■ **Directions for this task**
Copy exactly the lines of the data below, beginning with the line with "Wind vector chart" and ending with the line with "Mapping the Stablecoin". Pictures are to be omitted.
** Data for the task follows **
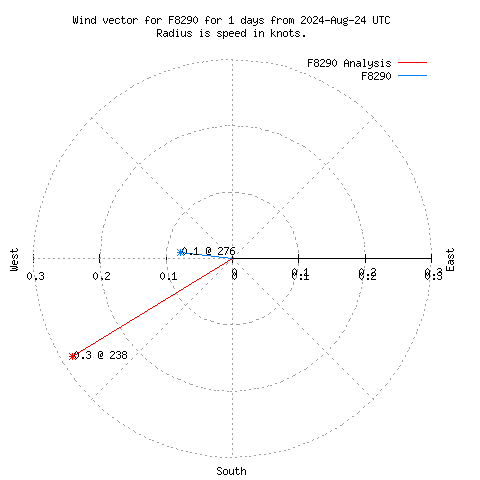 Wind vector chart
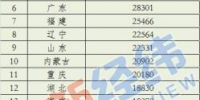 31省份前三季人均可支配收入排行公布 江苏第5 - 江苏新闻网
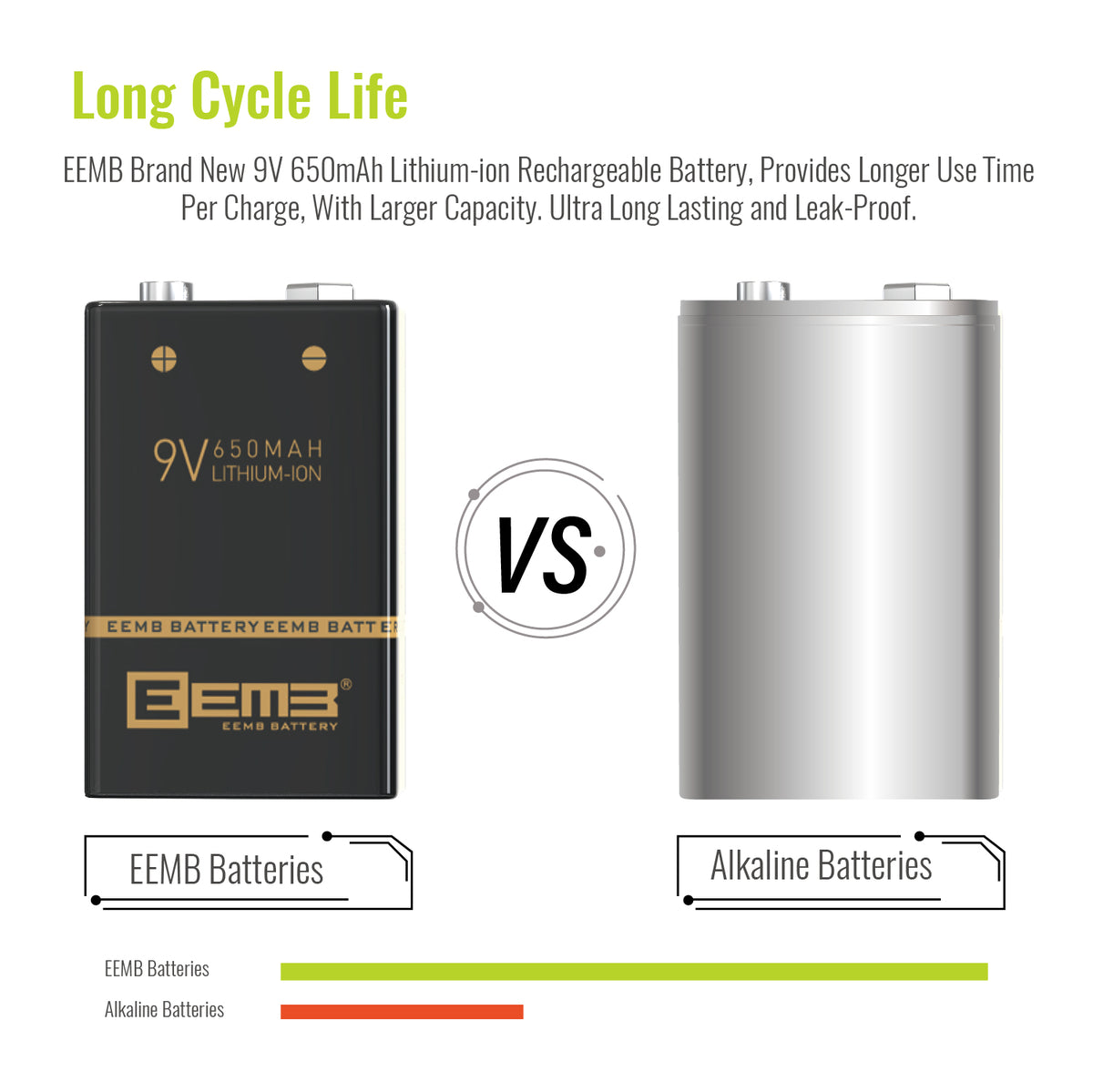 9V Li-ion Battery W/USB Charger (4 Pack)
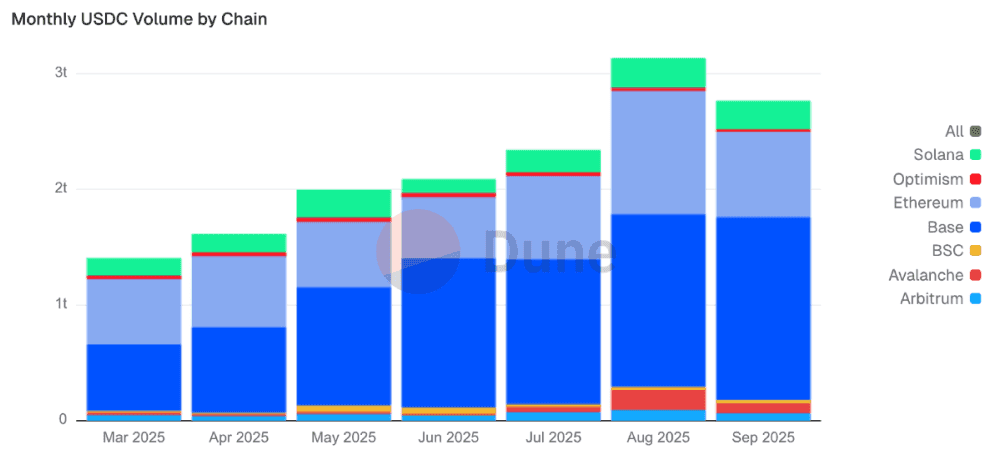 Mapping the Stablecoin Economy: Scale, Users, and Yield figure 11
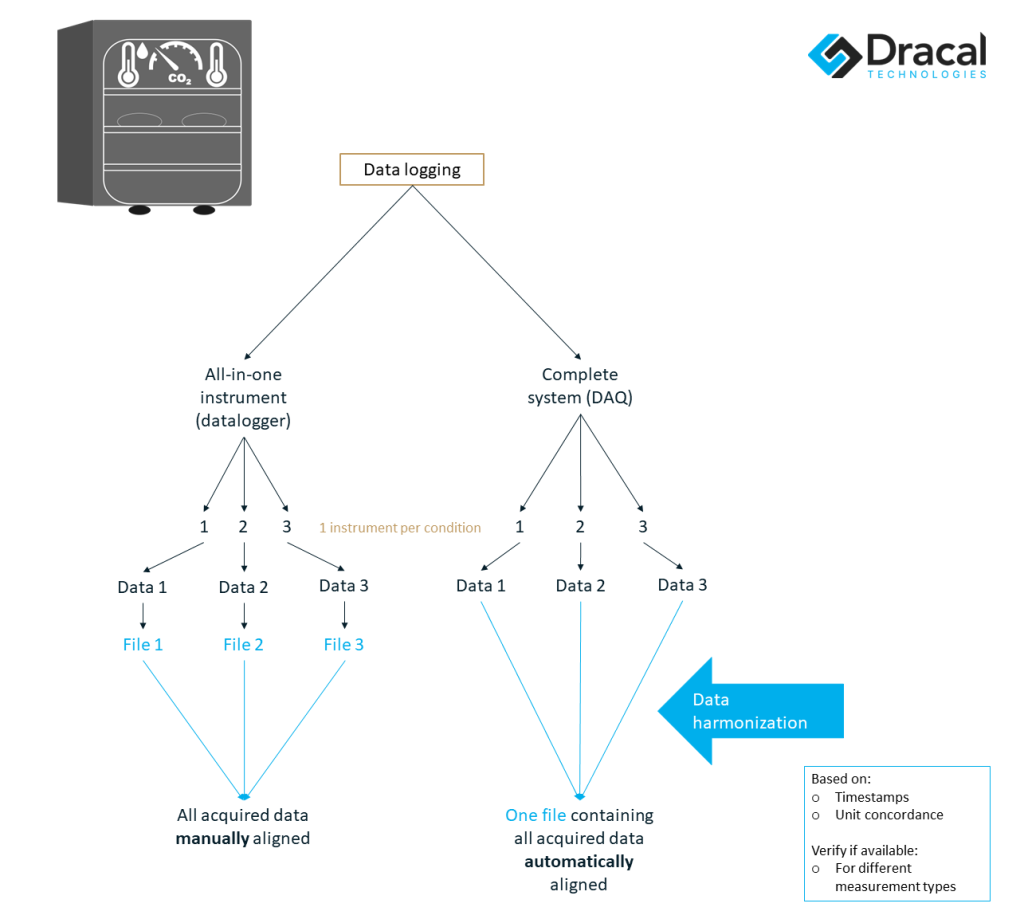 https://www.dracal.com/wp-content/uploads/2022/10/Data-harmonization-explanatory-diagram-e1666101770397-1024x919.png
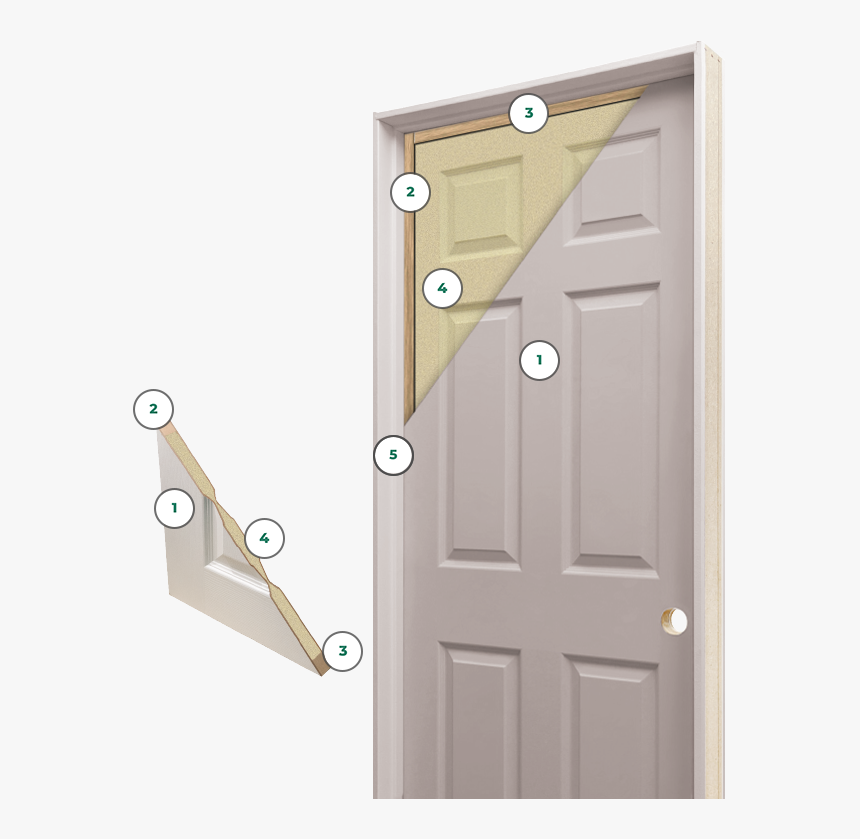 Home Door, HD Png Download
** End of Data for the task **
** Data for the task follows **
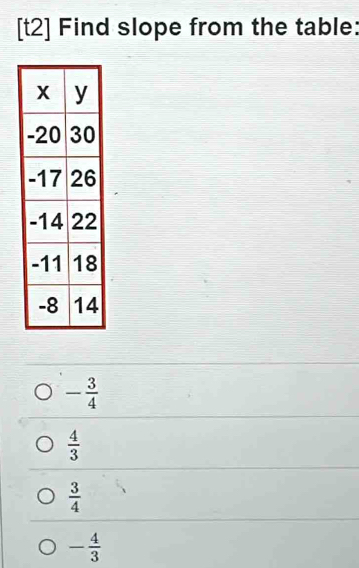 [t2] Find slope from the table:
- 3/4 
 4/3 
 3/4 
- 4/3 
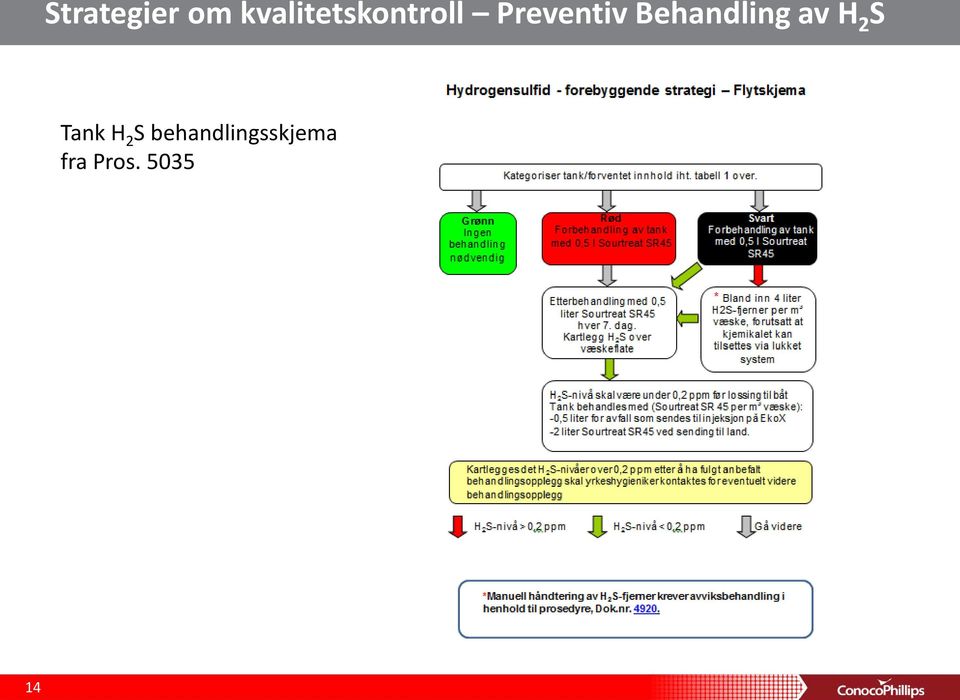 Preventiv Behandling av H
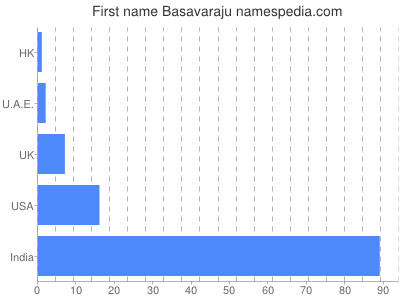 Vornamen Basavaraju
** End of Data for the task **
■ **Written reply**
 Wind vector chart
 31省份前三季人均可支配收入排行公布 江苏第5 - 江苏新闻网
 9V Li-ion Battery W/USB Charger (4 Pack)
 Mapping the Stablecoin Economy: Scale, Users, and Yield figure 11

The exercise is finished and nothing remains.